Musik aus
Frankreich
Von
Thomas Bohnet
Selten wurden
so viele neue französische Platten auch hierzulande veröffentlicht
wie im Moment: ob nun die neuen Werke der bekannten Stars Françoise
Hardy, Bertrand Burgalat und Etienne Daho oder auch Platten der
jungen Szene von Dionysos und Mirwais bis Phoenix.
Eine
feine Sache ist "Clair-obscur" [Virgin] der immer noch
sehr schönen Mittfünfzigerin Françoise Hardy,
der Ikone der französischen Popmusik. Ende der Achtziger Jahre
wollte die Hardy eigentlich schon keine Musik mehr machen: Dann
entdeckten junge Franzosen wie Etienne Daho die Diva neu, rissen
sich hippe Bands wie Blur oder Air um den einstigen Star des "yeh-yeh"-Pop
der Sixties. Nach dem jüngsten, rockigen Werk "Le Danger"

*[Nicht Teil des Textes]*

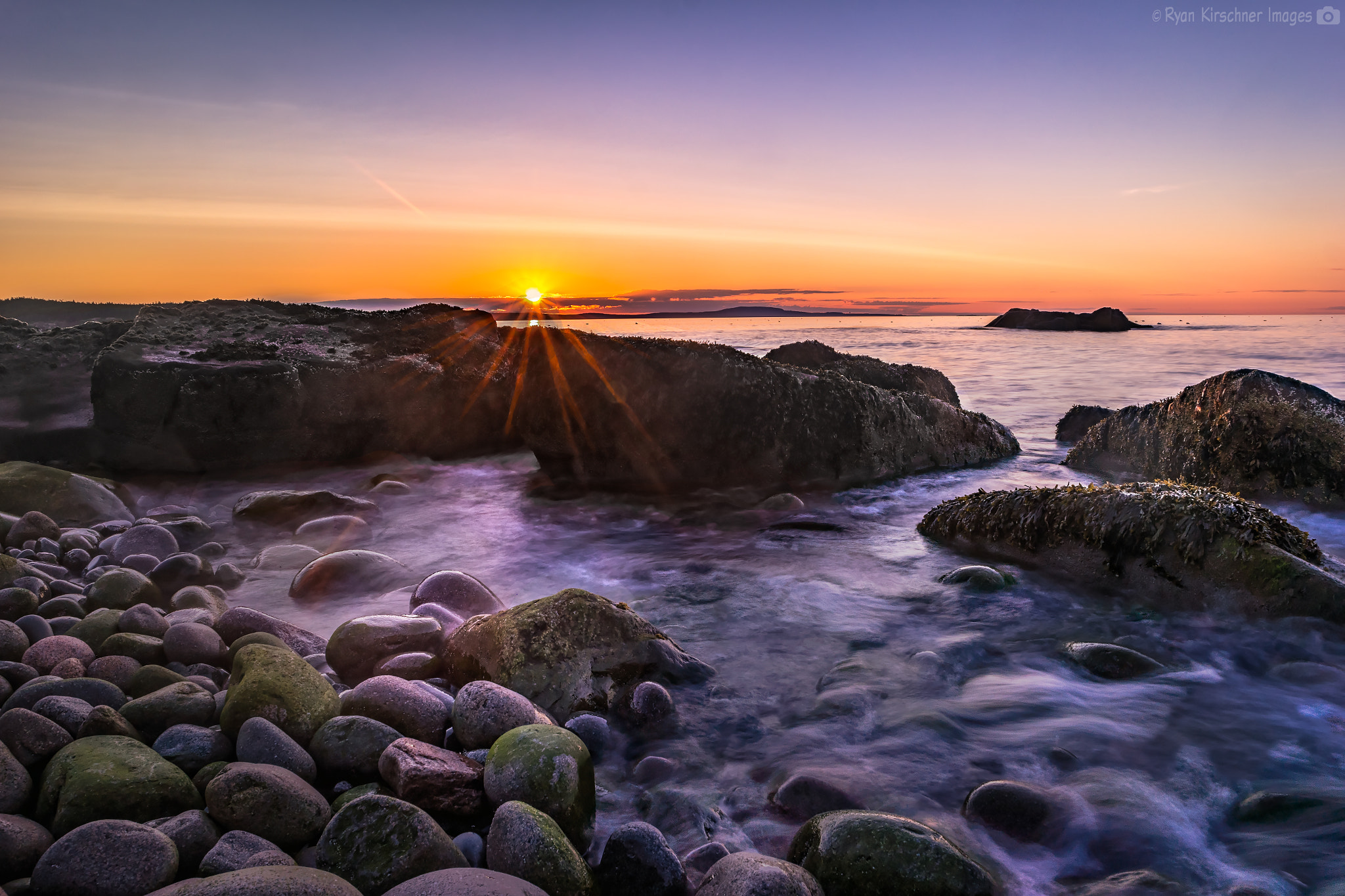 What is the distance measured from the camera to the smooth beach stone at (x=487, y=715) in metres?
2.80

(1996) ist das neue Album ein rundes Popwerk geworden, das wieder
jene Leichtigkeit mit bittersüssen Texten und einem Schuss
Melancholie paart, mit dem die Hardy in den Sixties schon begeistert
hat. Auf der neuen Platte gibt es zudem erstmals eine Art family
affair mit dem Song "Pusque vous partez en voyage". Ist
hier doch nicht nur Ehemann Jacques Dutronc - selbst eine echte
Pop-Ikone - mit von der Partie, sondern auch der gemeinsame Sohn
Thomas Dutronc (Gitarre). An anderer Stelle fordert Madame Hardy
keinen Geringeren als Iggy Pop zum musikalischen Duell auf (klasse:
"I`ll Be Seeing You") oder lädt jüngere Bewunderer
wie Etienne Daho und den Kameruner Sänger OL ein. Eine ganz
und gar elegante Platte, wunderschön und très charmant.
Zu den Bewunderern
von Françoise Hardy gehört Etienne Daho, inzwischen
auch schon 44jährig. Seit zwanzig Jahren im Geschäft,
schaffte der im algerischen Oran geborene Bretone Mitte der Achtziger
Jahre mit Hits wie "Le grand sommeil" oder "Tombé
pour la France" den Durchbruch. Seine Zusammenarbeit mit den
Grossen der französischen Sixties, mit Jacques Dutronc und
Françoise Hardy, verhalfen Daho ebenso zu gesteigerter hipness,
wie seine jüngsten Kollaborationen mit St. Etienne und Air
- auch wenn er immer ein wenig als seichter Popsänger verschrien
war und ist. Nicht ganz zu Unrecht, wie einige seiner Hits zeigen.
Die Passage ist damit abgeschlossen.